It was just three weeks ago when Maxine Esteban formally switched federations, no longer representing the Philippines in international competitions but is now carrying the flag of the Ivory Coast.
On Monday evening, the 22-year-old product of Ateneo de Manila University broke her silence on her switch of federation.
Though not fully disclosing the reason why she made a leap of faith, she bared that it was a decision she had to make for her own well-being.
“A lot of people have been asking about my decision. Yes, I am focused on achieving my Olympic dream. However, more than that dream, it was about self-respect.
“Sometimes, we must give ourselves enough respect to walk away from something that doesn’t value our worth. I want everyone to know that I did everything humanly possible to fulfill this long-time dream with the Filipino flag sewn on my uniform,” her statement read.
“But a series of unfortunate events—very little of which I had any control over—forced me to chase my dream in a distant, yet familiar land,” it continued.
Esteban has been representing the Philippines since 2018 or when she was just still 16 years old.
During her run with the Philippines, she has competed in the World Cup — both at the seniors and juniors levels, the Southeast Asian Games, and is also competing in the fencing circuit.
“I have fought long and hard for our country, encountering failures along the way.
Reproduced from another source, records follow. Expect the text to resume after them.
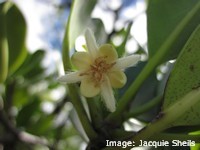Mangrove Flower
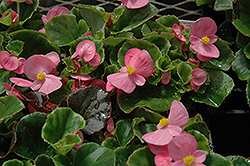 Super Olympia Pink Begonia (Begonia 'Super Olympia Pink') at Stonegate Gardens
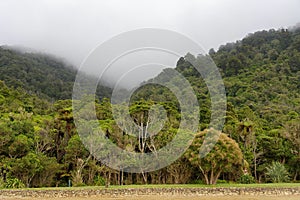 A foggy day in the Marlborough Sounds, in the South Island of New Zealand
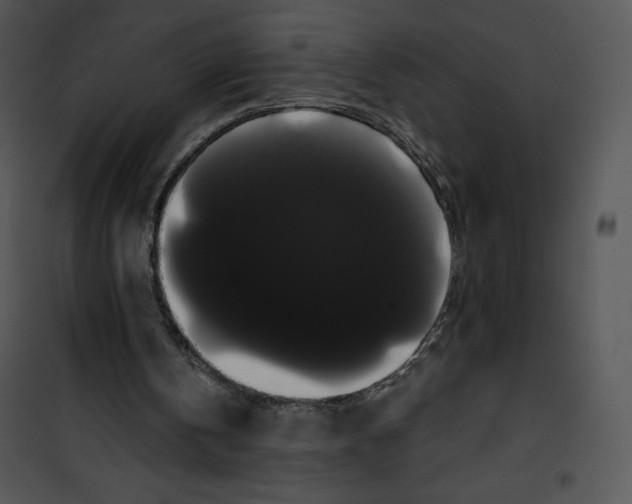 X0000100890146200807220959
But I have also savored the thrill of winning for our flag. I remember being the only Filipino to win a medal in the Junior World Cup, back when I was also ranked 16th among juniors in the world, and also being the only Filipino to medal twice in the Senior Satellite World Cup,” she continued.
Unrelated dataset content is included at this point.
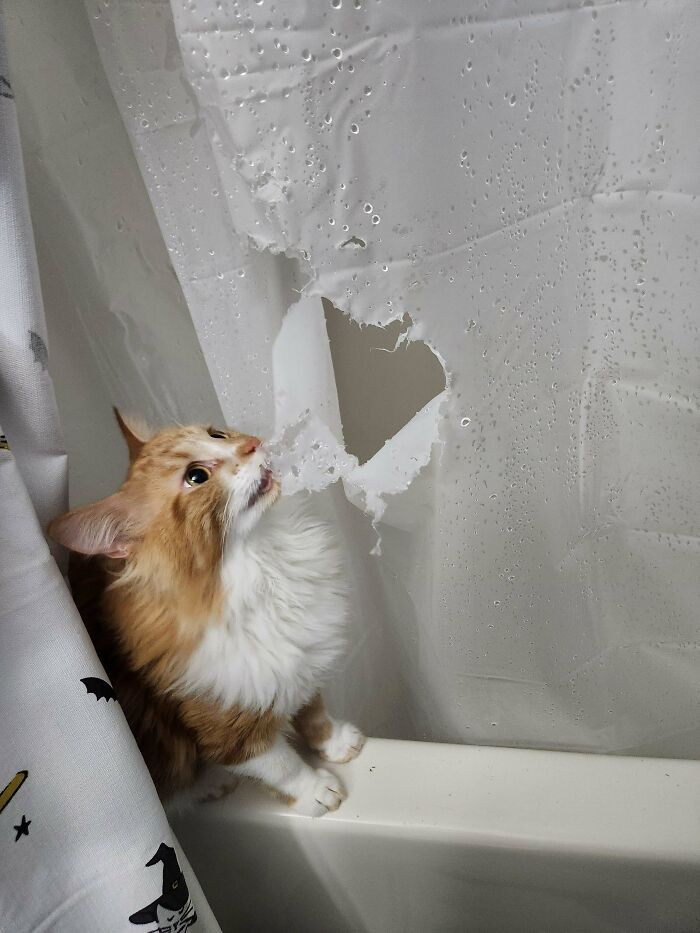 A fluffy orange and white cat biting a hole in a shower curtain during hilarious cat crimes.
“I guess sometimes, life just takes you on a different path than you had initially planned.”
Grateful is Esteban to the Philippine Olympic Committee headed by president Bambol Tolentino for waving her three-year residency period after switching federations.
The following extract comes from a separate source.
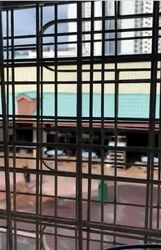 Chong Boon Centre (D20), Shop House #618133191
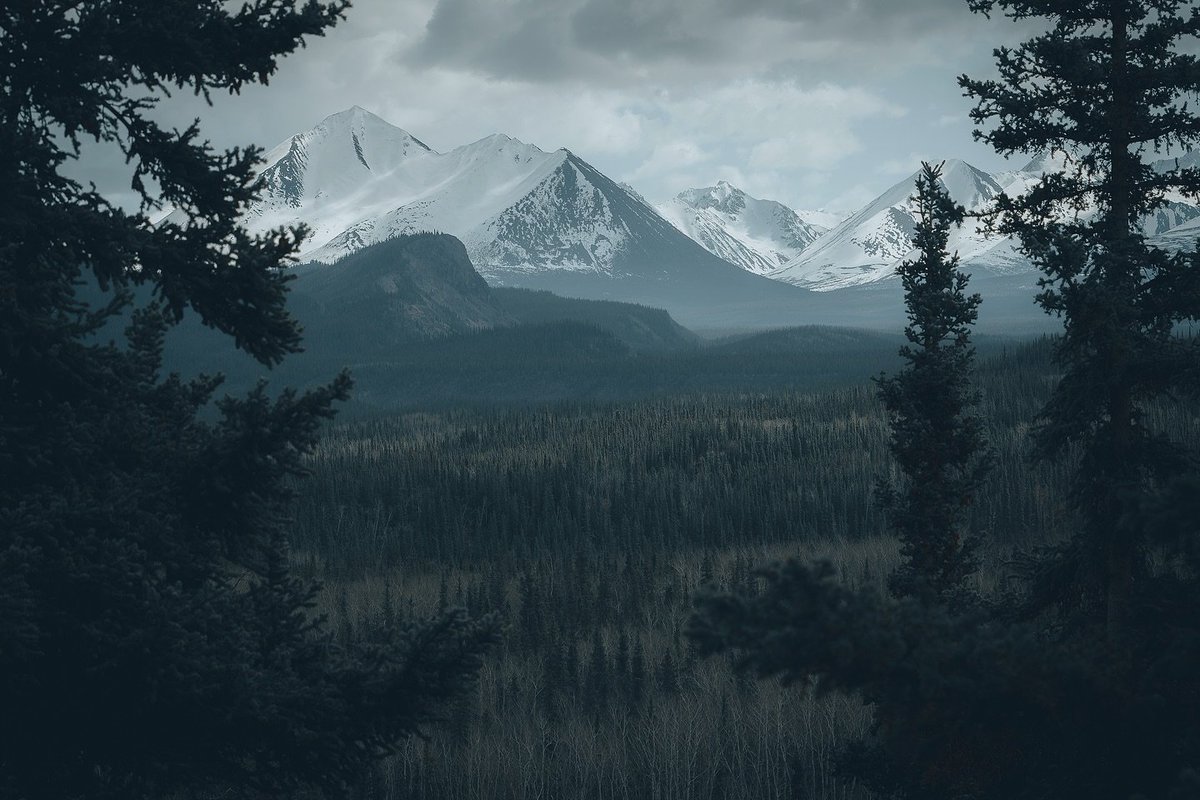 visualsofearth1's tweet photo. The untamed wilderness of Alaska https://t.co/iL1WqatOU0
This move made her eligible to represent the African nation in the ongoing Olympic cycle.
“I will tell my story someday, that much I can guarantee. There is so much to learn from my experience, every heartache, and frustration I had to endure so that the things I went through never happen to any Filipino athlete again—especially those who dream of flying the Philippine flag on sports’ grandest stage,” she shared. “For now, I would like to express my utmost and sincere gratitude to Philippine Olympic Committee (POC) President Abraham “Bambol” Tolentino for holding the door open for this big dreamer to carve her own path toward a long-cherished goal.
“The honorable POC president’s request to the International Olympic Committee to waive the three-year residency so I can compete under the flag of my second home, Côte d’Ivoire, will go a long way in ensuring I get a decent and fair shot at competing in Paris in the 2024 Olympics,” she expressed.
“That is, after all, the only thing I had ever wanted: A FAIR CHANCE.”
After placing third in the individual women’s foil category of the African Championships in Cairo, Esteban is now ranked 46th in the world in the women’s foil category.
The next few months will be a grind for Esteban as she will continuously compete in tournaments.
And if she reaches the goal of making it to the biggest of stages, Esteban will continue to represent the Philippines — and the Ivory Coast.
“If, through my efforts, God rewards me with success, know that whatever triumphs I gain are a triumph of the Philippines as it is of the Ivory Coast. Because no matter what stage I will compete on, be it in a small tournament or—God willing—in the Olympics, the flag I represent only tells half the story. In my heart, I will always carry two inspirations: The land of my birth and the country I now call home.”